Does prakRRiti become the individual soul? No. Because the latter is not inert. Does purushha become the soul? No. Because the former is immutable (nirvikAri) . A bubble does not arise in the ocean by just water alone nor by just air alone. prakRRiti and purushha are both beginningless, they have no origin or birth. But by the adjunct of Ignorance, they appear as the individual soul. There is no change of form in reality. It is not the change of svarUpa (inherent phase, aspect or conformation). The svarUpa-lakshaNa (Definition as it is) of theUltimate is always the same. So the origination of the soul is because of the upAdhi (adjunct) and the dissolution is also along with the adjunct.
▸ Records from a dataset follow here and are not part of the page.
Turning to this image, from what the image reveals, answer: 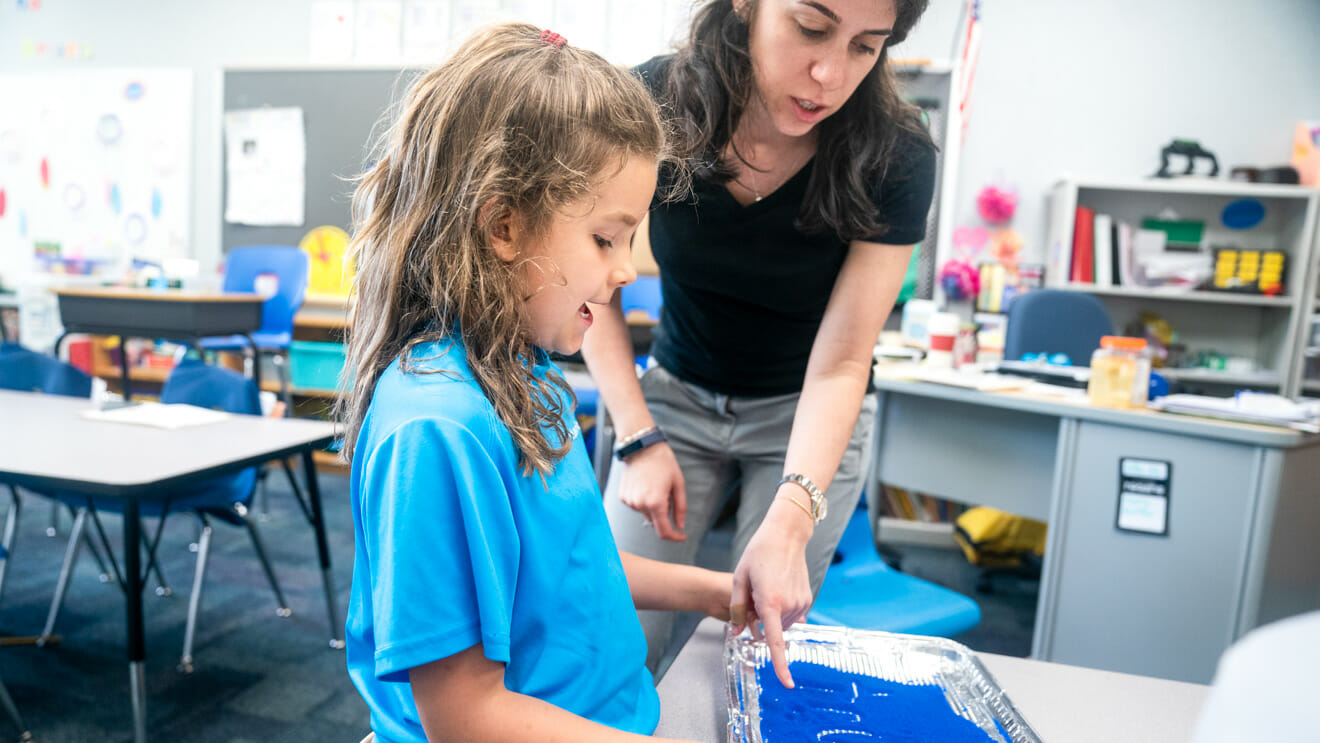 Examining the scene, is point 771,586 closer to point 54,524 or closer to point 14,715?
point 14,715

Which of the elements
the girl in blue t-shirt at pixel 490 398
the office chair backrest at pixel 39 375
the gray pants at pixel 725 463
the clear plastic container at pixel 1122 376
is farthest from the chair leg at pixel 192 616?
the clear plastic container at pixel 1122 376

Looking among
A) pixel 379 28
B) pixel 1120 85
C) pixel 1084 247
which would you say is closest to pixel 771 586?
pixel 1084 247

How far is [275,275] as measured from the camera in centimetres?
404

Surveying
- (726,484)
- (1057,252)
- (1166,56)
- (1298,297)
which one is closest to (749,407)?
(726,484)

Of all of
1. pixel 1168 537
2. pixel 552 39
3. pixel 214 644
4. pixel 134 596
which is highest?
pixel 552 39

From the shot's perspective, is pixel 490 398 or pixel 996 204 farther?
pixel 996 204

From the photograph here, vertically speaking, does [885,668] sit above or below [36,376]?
above

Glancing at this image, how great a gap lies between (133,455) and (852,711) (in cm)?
158

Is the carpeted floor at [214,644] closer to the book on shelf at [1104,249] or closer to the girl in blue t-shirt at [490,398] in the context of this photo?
the girl in blue t-shirt at [490,398]

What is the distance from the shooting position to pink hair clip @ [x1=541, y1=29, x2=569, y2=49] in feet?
2.06

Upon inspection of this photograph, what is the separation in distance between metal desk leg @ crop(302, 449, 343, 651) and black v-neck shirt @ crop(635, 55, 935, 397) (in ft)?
4.01

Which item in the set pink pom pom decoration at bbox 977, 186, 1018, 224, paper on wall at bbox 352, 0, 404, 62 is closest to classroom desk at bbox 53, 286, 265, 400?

Verse No.36 (of Ch.87): Shruti GItA – 23
sata idam-uthitam sad-iti cenna nu tarka-hatam
vyabhicarati kva ca kva ca mRRishhA na tathobhayayuk /
vyavahRRitaye vikalpa ishhito'ndha-paramparayA
bhramayati bhAratI ta uru-vRRittibhir-ukta-jaDAn //
That this universe is real because it has evolved from Reality, will not hold logical analysis. When the effect of a cause shows up, sometimes it varies from the cause very much, sometimes the effect is false while the cause is relatively more real. The universe is in fact a product of both Brahman and avidyA; thereby also it is not real. Just for the sake of phenomenal functioning the illusory reality of the universe is accepted. The Vedic texts declaring the effect of rituals etc. are only traditional ways of deluding dullwitted persons into faith. They are valid only till the Illumination of the Absolute sets in.
vyavhRRitaye : for carrying on worldly transactions.
This verse goes through all the objections which other schools of thought may raise for establishing the permanence or reality of the universe and the worldly rules regulations and rituals and their other-worldly meritorious effects.